Excerpted records:

=== Begin Enclosure ===

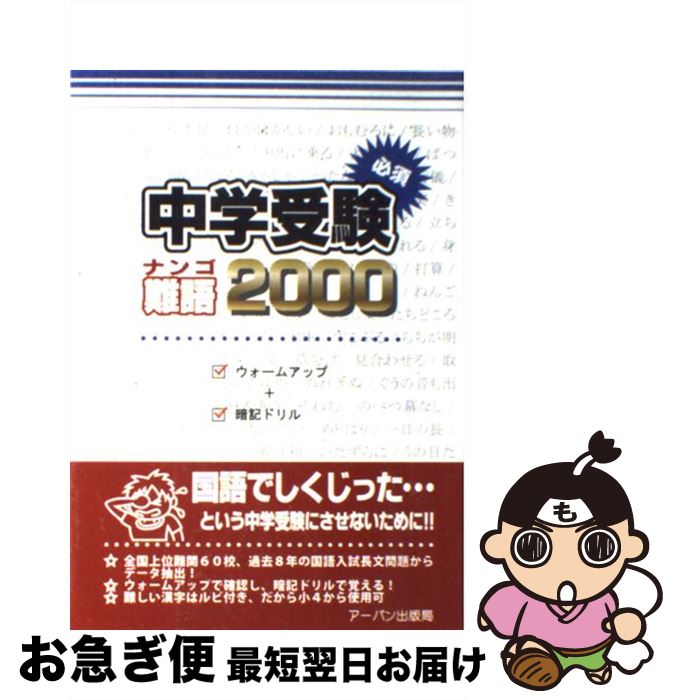 š ؼɬ2000ʾع46ǯѡ / Х / Х [ñ]ڥͥݥȯ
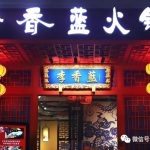 众多明星打call的“宫庭系”火锅,今天在新加坡开业啦~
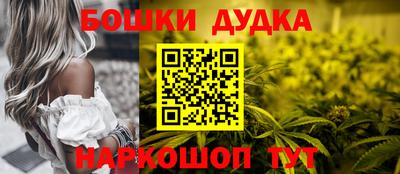 МДМА Кумертау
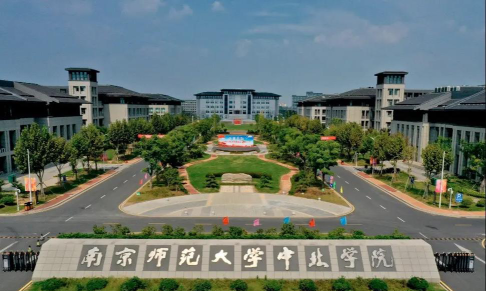 南京师范大学中北学院环境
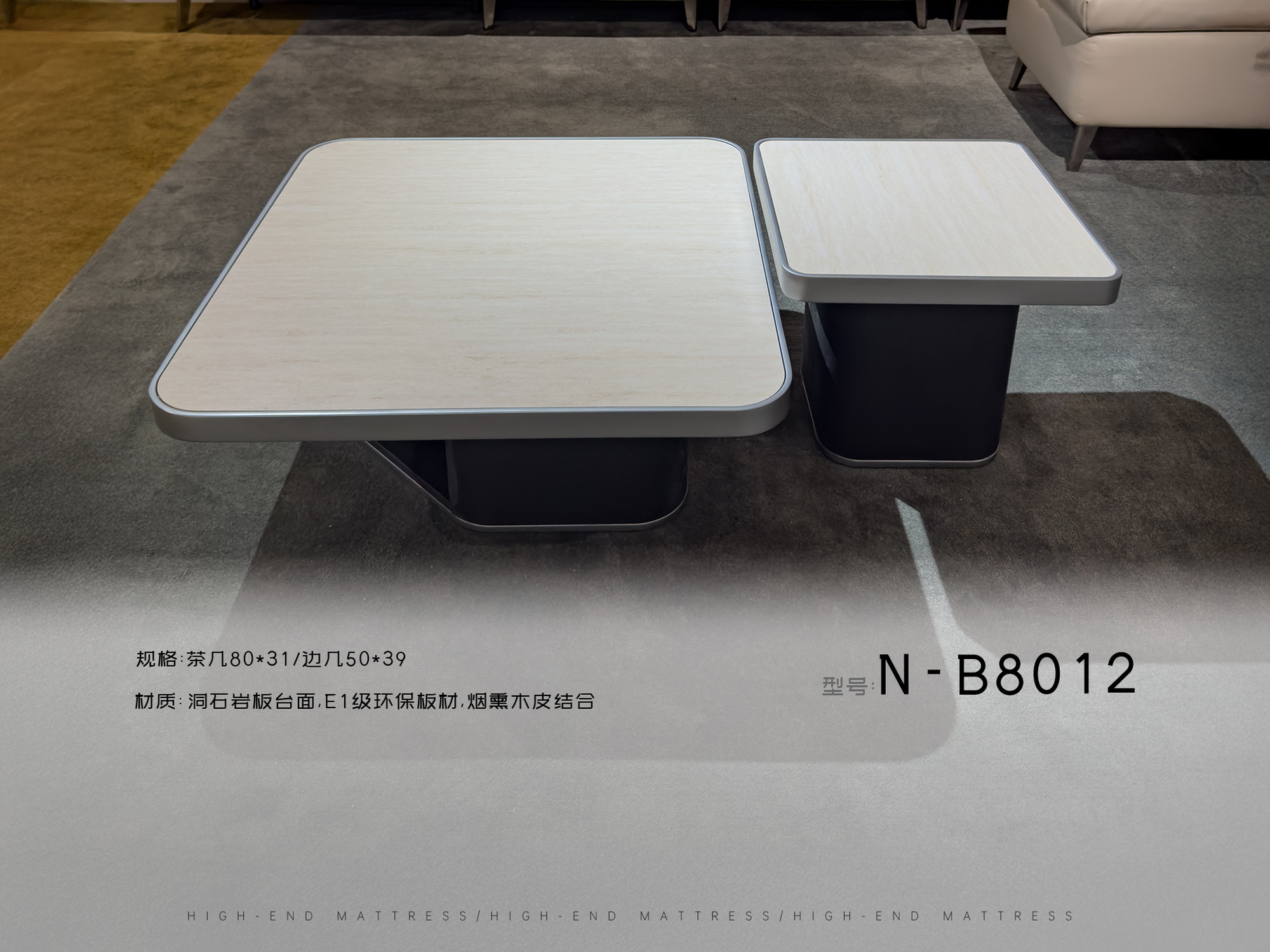 N-B8012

=== End Enclosure ===

Although the entries contain pictures, reproduce only the rest, exactly as written.

 š ؼɬ2000ʾع46ǯѡ / Х / Х [ñ]ڥͥݥȯ
 众多明星打call的“宫庭系”火锅,今天在新加坡开业啦~
 МДМА Кумертау
 南京师范大学中北学院环境
 N-B8012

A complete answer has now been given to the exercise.